§ **WHAT YOU HAVE TO DO**
Would you copy exactly the lines in the data below from the one that has "Könnte beinhalten: Ein" through the one that has "805 2nd Street Ne, Choteau, MT 59422 - #2", dropping any pictures?

§ **THE DATA**
━━━━━━

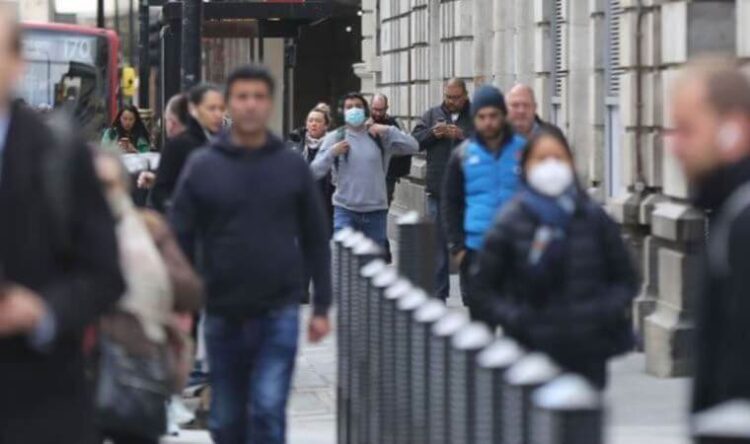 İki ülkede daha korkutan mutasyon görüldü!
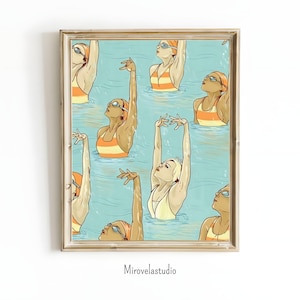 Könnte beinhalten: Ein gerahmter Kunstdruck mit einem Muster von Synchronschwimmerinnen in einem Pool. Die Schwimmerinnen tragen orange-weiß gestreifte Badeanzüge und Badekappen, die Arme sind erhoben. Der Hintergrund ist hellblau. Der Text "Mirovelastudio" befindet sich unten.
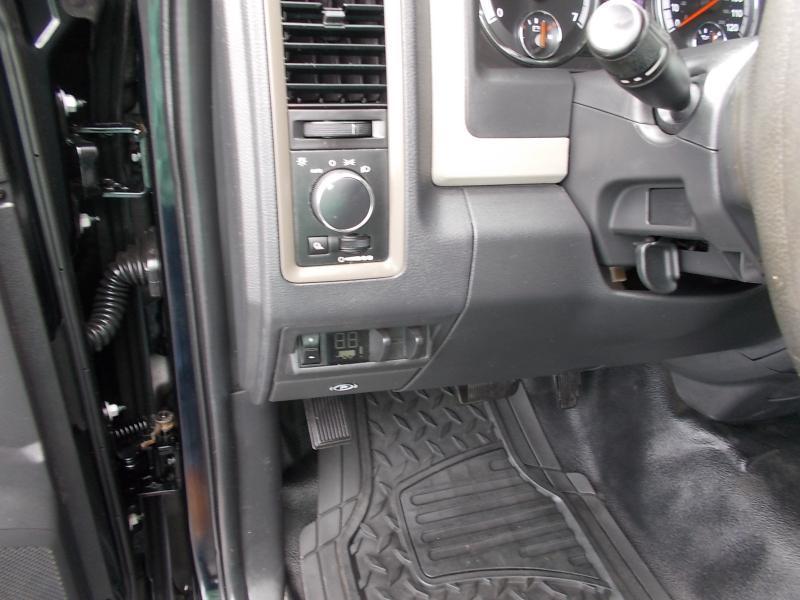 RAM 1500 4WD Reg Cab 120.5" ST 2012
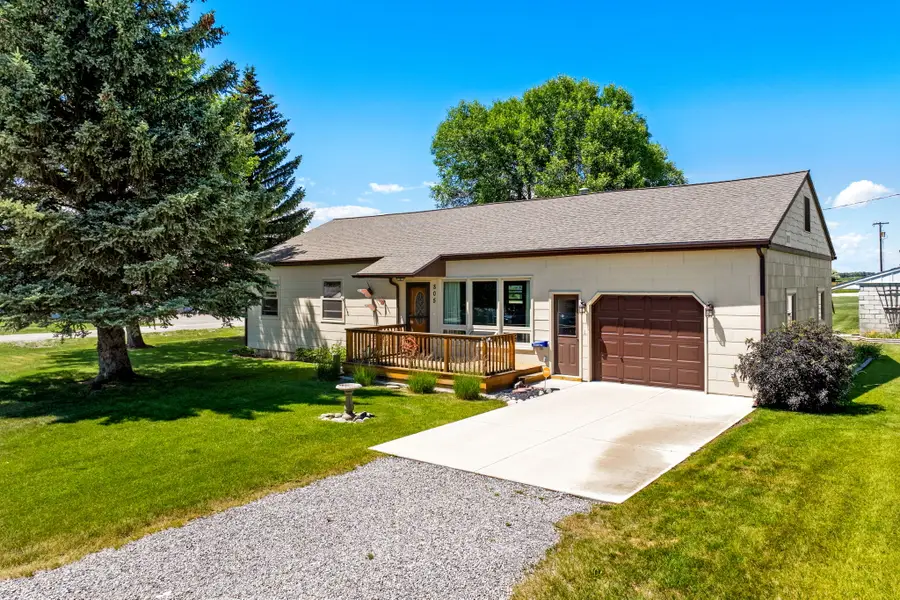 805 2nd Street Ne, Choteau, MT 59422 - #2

━━━━━━

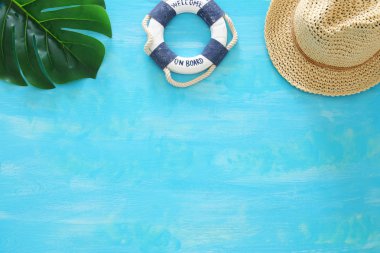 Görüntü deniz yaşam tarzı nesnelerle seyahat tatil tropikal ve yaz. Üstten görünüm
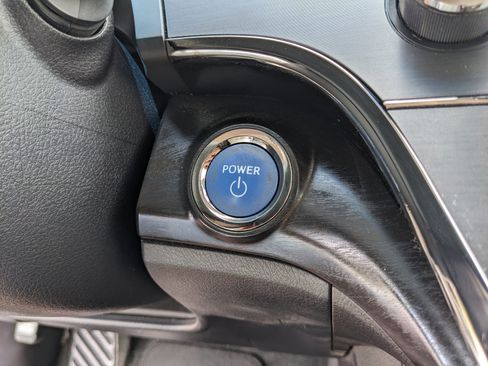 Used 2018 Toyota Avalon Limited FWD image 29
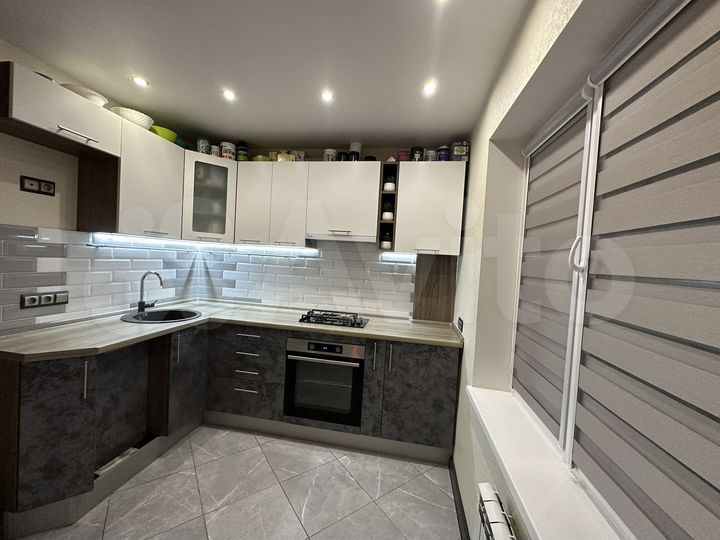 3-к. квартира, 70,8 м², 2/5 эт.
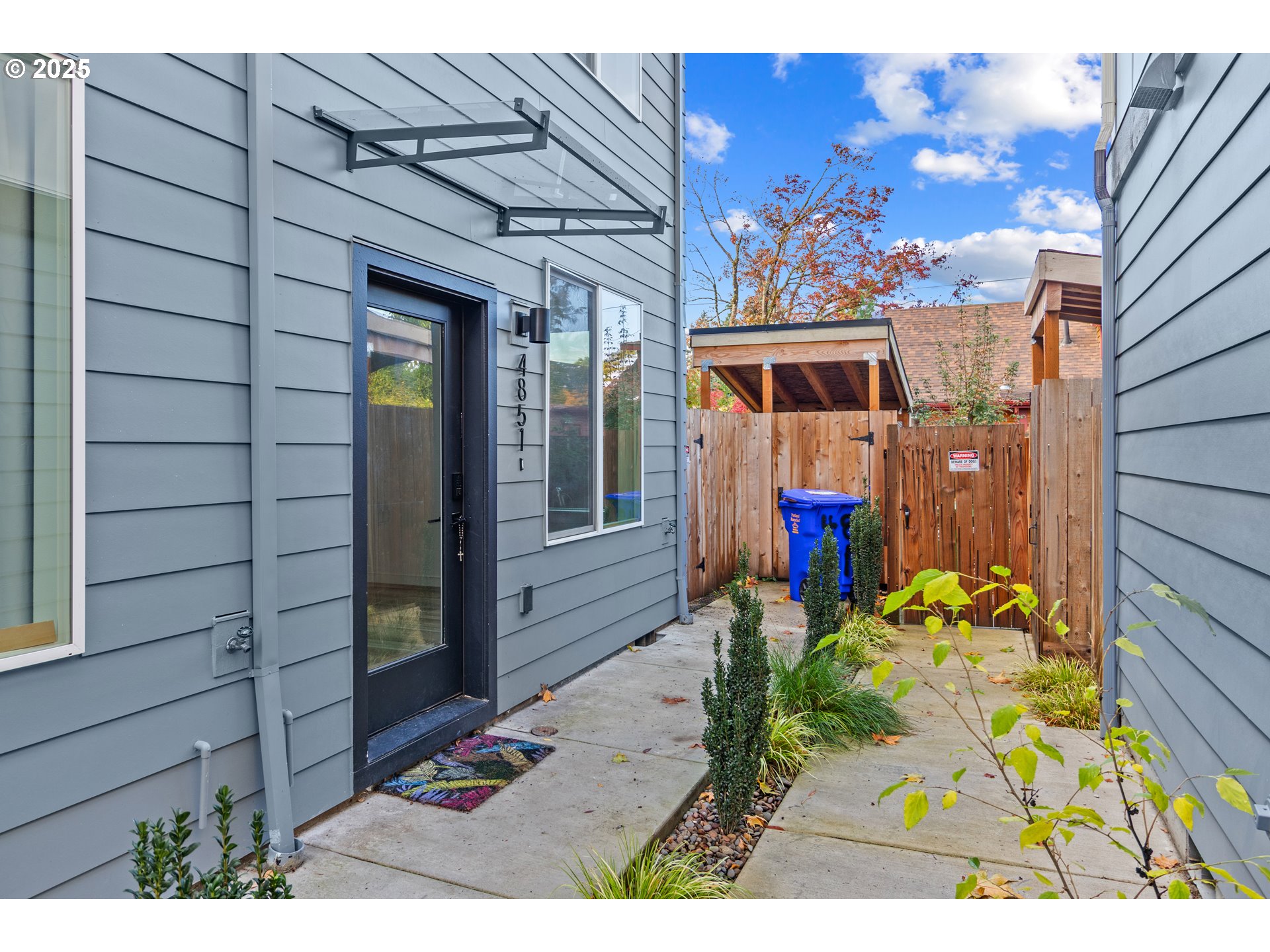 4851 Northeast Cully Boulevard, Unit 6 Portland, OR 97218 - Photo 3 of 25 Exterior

━━━━━━

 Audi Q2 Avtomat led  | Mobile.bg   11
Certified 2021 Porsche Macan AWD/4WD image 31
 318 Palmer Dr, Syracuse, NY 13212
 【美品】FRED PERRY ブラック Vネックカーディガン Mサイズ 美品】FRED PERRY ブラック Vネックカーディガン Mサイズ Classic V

━━━━━━

§ **SOLUTION TO THIS PROBLEM**
 Könnte beinhalten: Ein gerahmter Kunstdruck mit einem Muster von Synchronschwimmerinnen in einem Pool. Die Schwimmerinnen tragen orange-weiß gestreifte Badeanzüge und Badekappen, die Arme sind erhoben. Der Hintergrund ist hellblau. Der Text "Mirovelastudio" befindet sich unten.
 RAM 1500 4WD Reg Cab 120.5" ST 2012
 805 2nd Street Ne, Choteau, MT 59422 - #2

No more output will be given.